ABOUT THIS TASK: Though the records contain pictures, copy none of them; repeat exactly the lines from the one with "Corvallis House: 863 SE Bayshore Cir" to the end.

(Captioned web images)
============

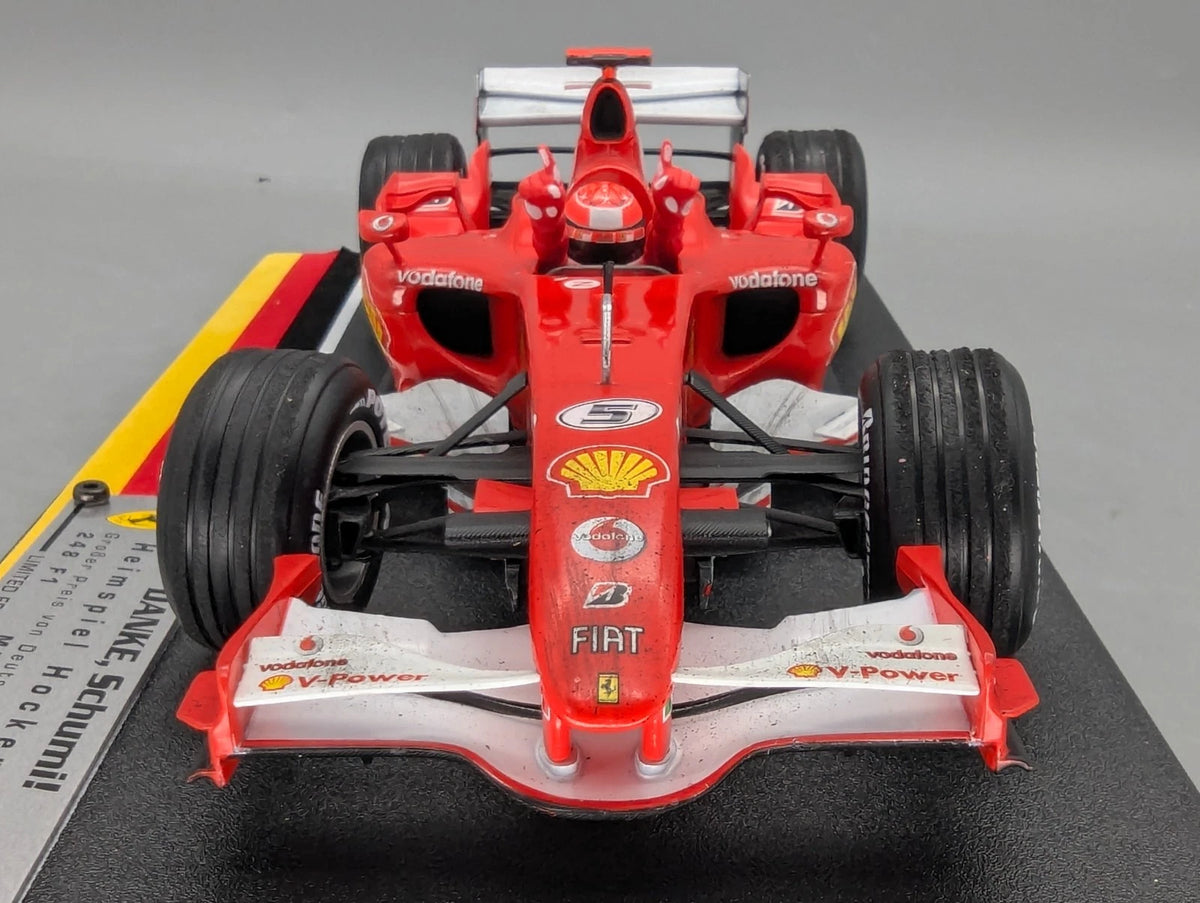 Modellautos 1:18 Hot Wheels Racing Ferrari 248 F1 Hockenheim #5 M Schumacher OVP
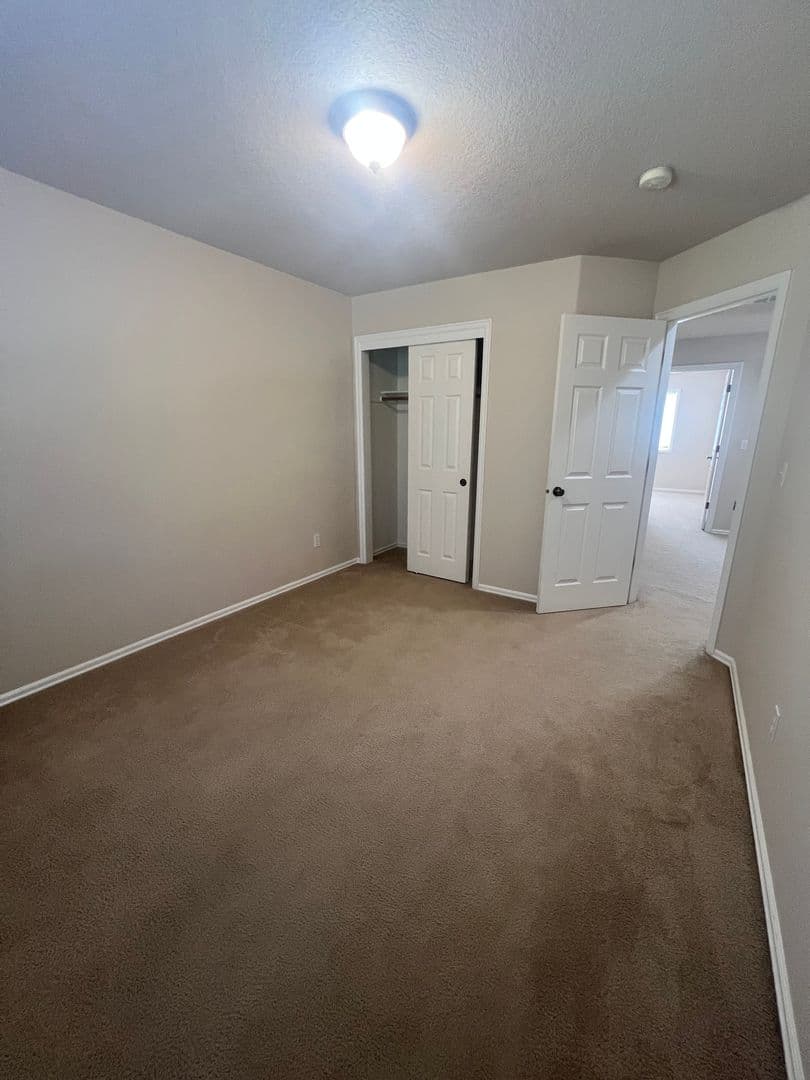 Corvallis House: 863 SE Bayshore Cir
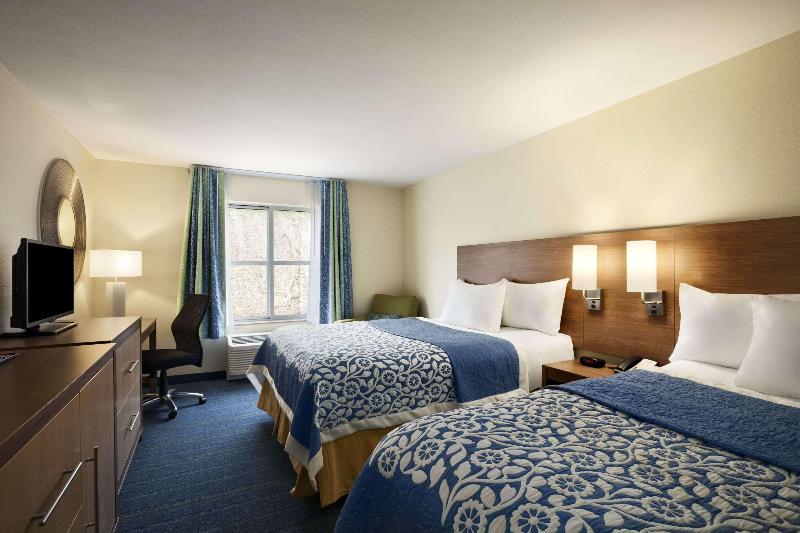 Sleep Inn & Suites Altoona North - photo 27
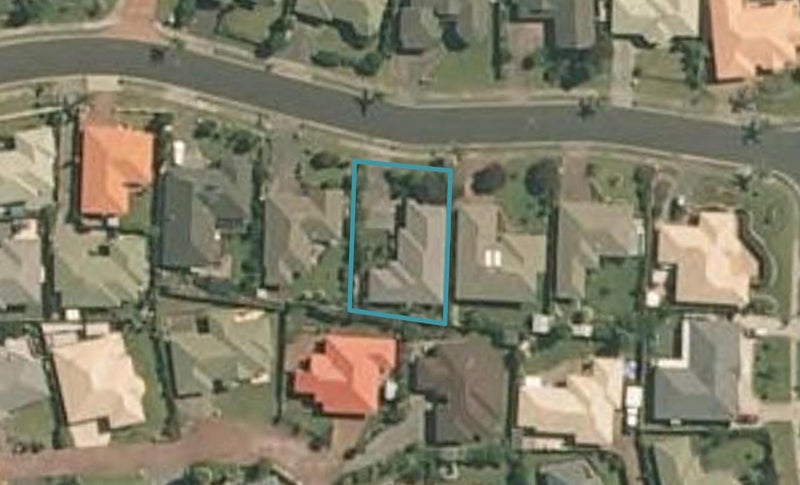 7 Kath Hopper Drive, Orewa, Orewa - Carousel 1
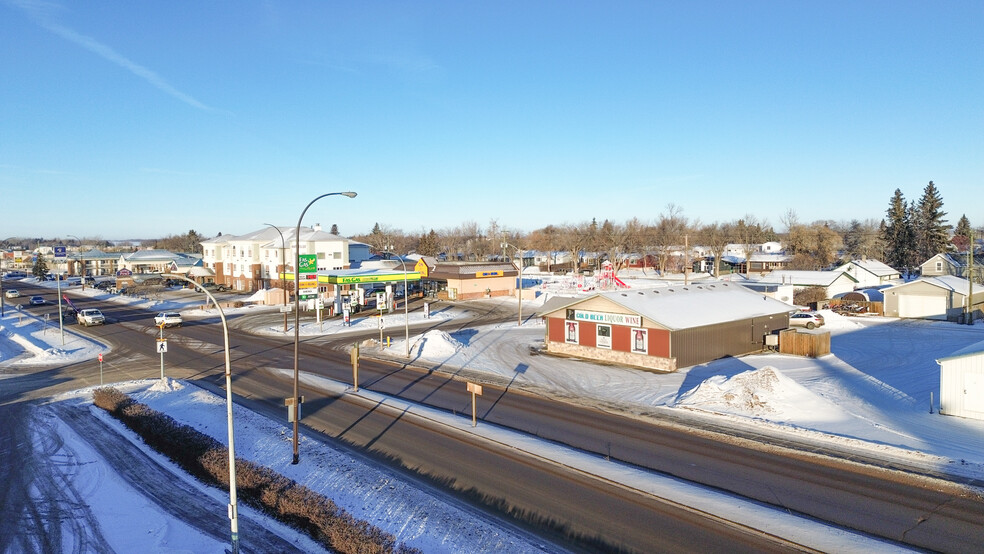 5922 50 Ave, Stettler, AB en venta - Foto del edificio - Imagen 3 de 29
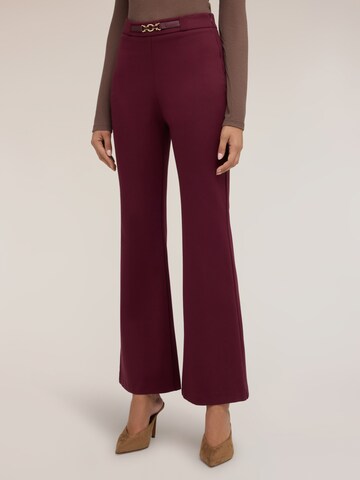 MOTIVI - Acampanado Pantalón en rojo
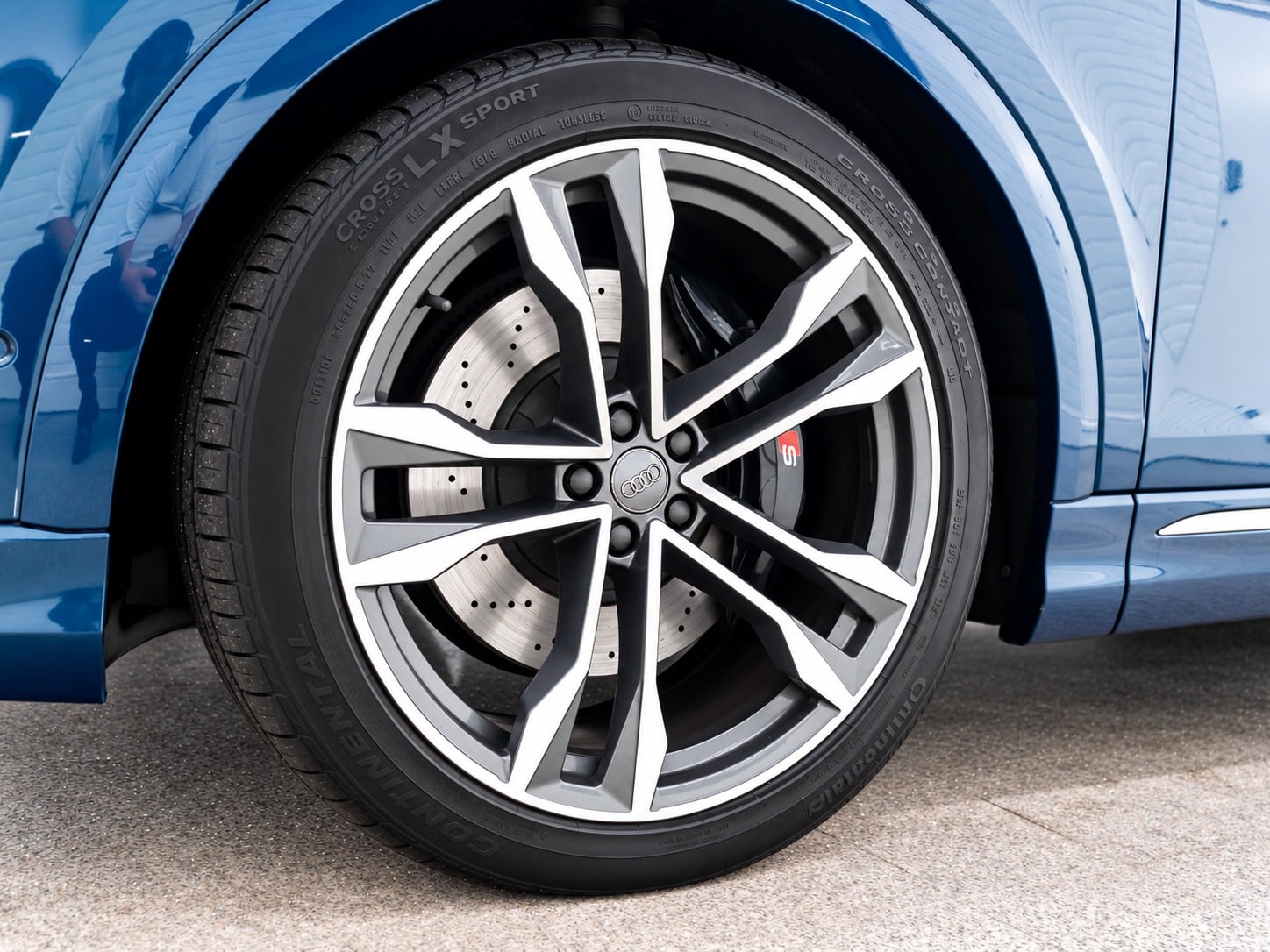 Audi SQ8 2020 - Cars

============

OUTPUT FOR THIS TASK:
 Corvallis House: 863 SE Bayshore Cir
 Sleep Inn & Suites Altoona North - photo 27
 7 Kath Hopper Drive, Orewa, Orewa - Carousel 1
 5922 50 Ave, Stettler, AB en venta - Foto del edificio - Imagen 3 de 29
 MOTIVI - Acampanado Pantalón en rojo
 Audi SQ8 2020 - Cars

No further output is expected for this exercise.